Eder: Da geht es einem nicht so schlecht. Weil der Marktrückgang im üblichen Rahmen war, während alle anderen Branchen furcht- und schreckenerregende Marktrückgänge hinnehmen mussten. Das, was andere Branchen gerade durchmachen müssen, hat die Musikindustrie in den vergangenen acht, neun Jahren bereits durchgemacht.

ORF.at: Die Wirtschaftskrise macht sich nicht bemerkbar?

Eder: Die Krise macht sich nicht zusätzlich bemerkbar. Wir spüren den normalen Paradigmenwechsel, der mit dem Prozess der Digitalisierung zusammenhängt. Damit setzen wir uns aber seit Jahren auseinander. Es gibt aber keine Panik, wir haben auch im ersten Quartal 2009 keine Absonderlichkeiten bemerkt.

ORF.at: Die Digitalisierung hat die Musikbranche radikal verändert. Wie reagiert ein großes Label wie Universal Music darauf?
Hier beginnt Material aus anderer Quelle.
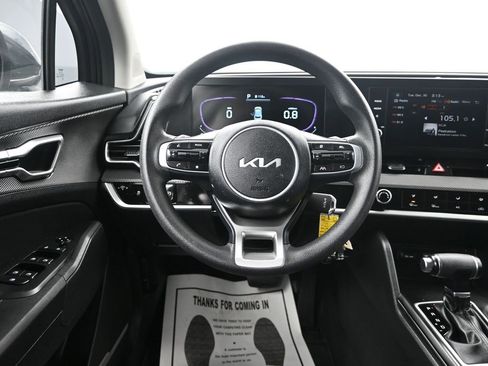 Certified 2023 Kia Sportage LX image 31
Eder: Wer nicht rechtzeitig darauf geschaut hat, sich breit aufzustellen, steht heute schlechter da. Wir haben relativ früh damit begonnen, uns in Richtung Entertainment-Konzern zu entwickeln. Wir haben bereits vor fünf Jahren eine eigene Mobile-Division gegründet. Damals war mobile Musik für viele Mitbewerber noch kein Thema. Wir investieren auch Geld in neue Künstler und setzen nicht nur auf ein paar große Namen. Deswegen geht es uns vergleichsweise gut.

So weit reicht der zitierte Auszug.